[Opening Data segment section]
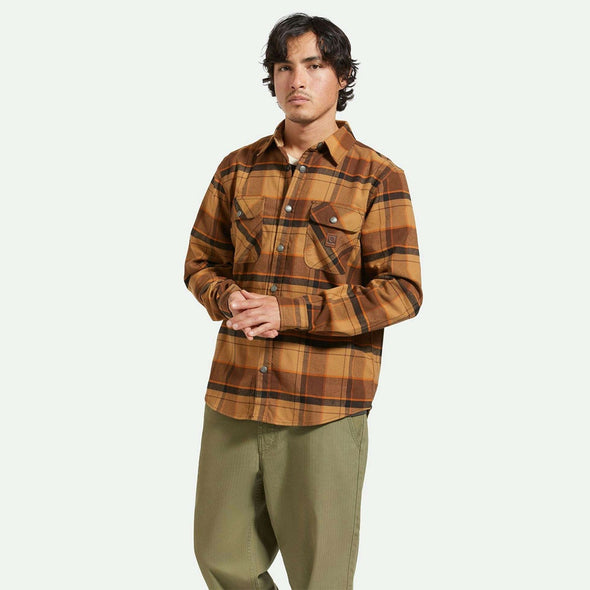 BRIXTON Builders Bowery Stretch Water-Resistant Flannel - Burro Brown/Pinecone Brown/Black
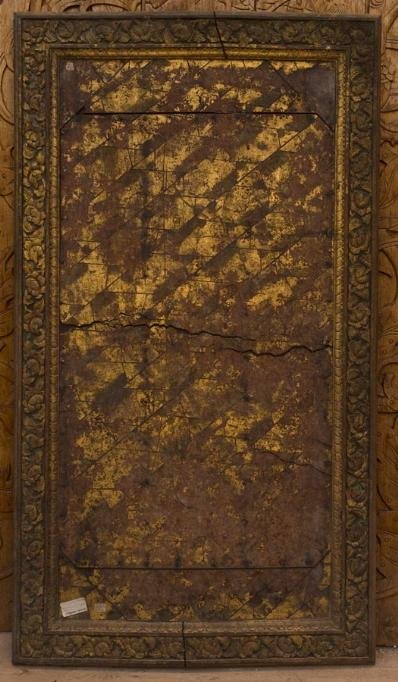Antique Southeast Asian giltwood panel: Antique Southeast Asian giltwood panel, 19th Century, probably Thai, the gilt burlwood panel with linear design within a floral-carved frame, 57.5"h x 32"w Provenance: The Doris Duke Foundation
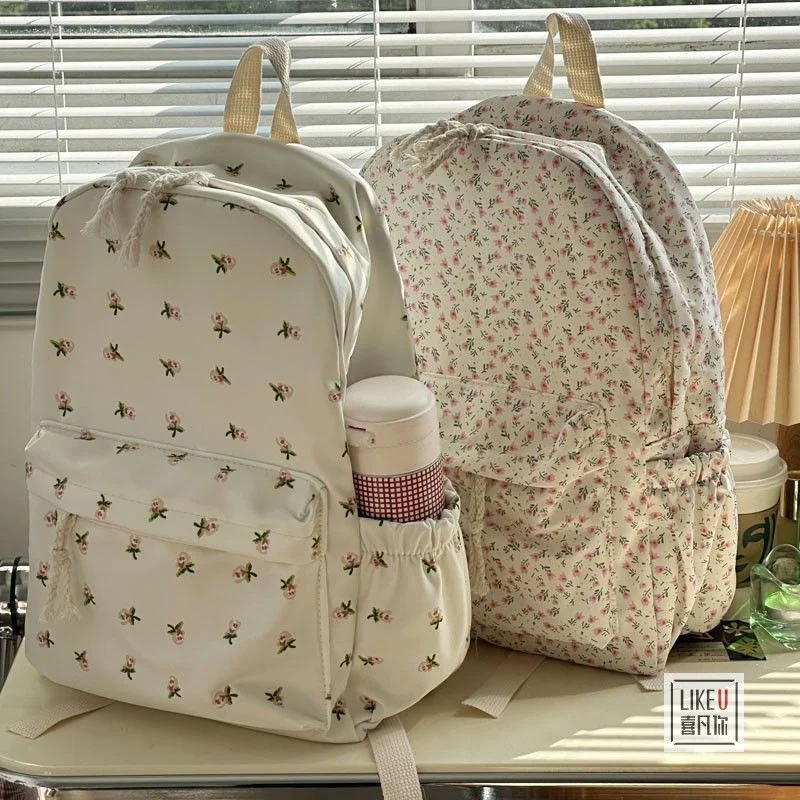 Korean Student School Backpack Floral White School Bags For Teenage Girls Cute Women's Backpack Brand Book Bag Nylon Rucksack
[Closing Data segment section]
Exercise directions:
Print each line above exactly as it appears, excluding all images.

Response to the exercise:
 BRIXTON Builders Bowery Stretch Water-Resistant Flannel - Burro Brown/Pinecone Brown/Black
Antique Southeast Asian giltwood panel: Antique Southeast Asian giltwood panel, 19th Century, probably Thai, the gilt burlwood panel with linear design within a floral-carved frame, 57.5"h x 32"w Provenance: The Doris Duke Foundation
 Korean Student School Backpack Floral White School Bags For Teenage Girls Cute Women's Backpack Brand Book Bag Nylon Rucksack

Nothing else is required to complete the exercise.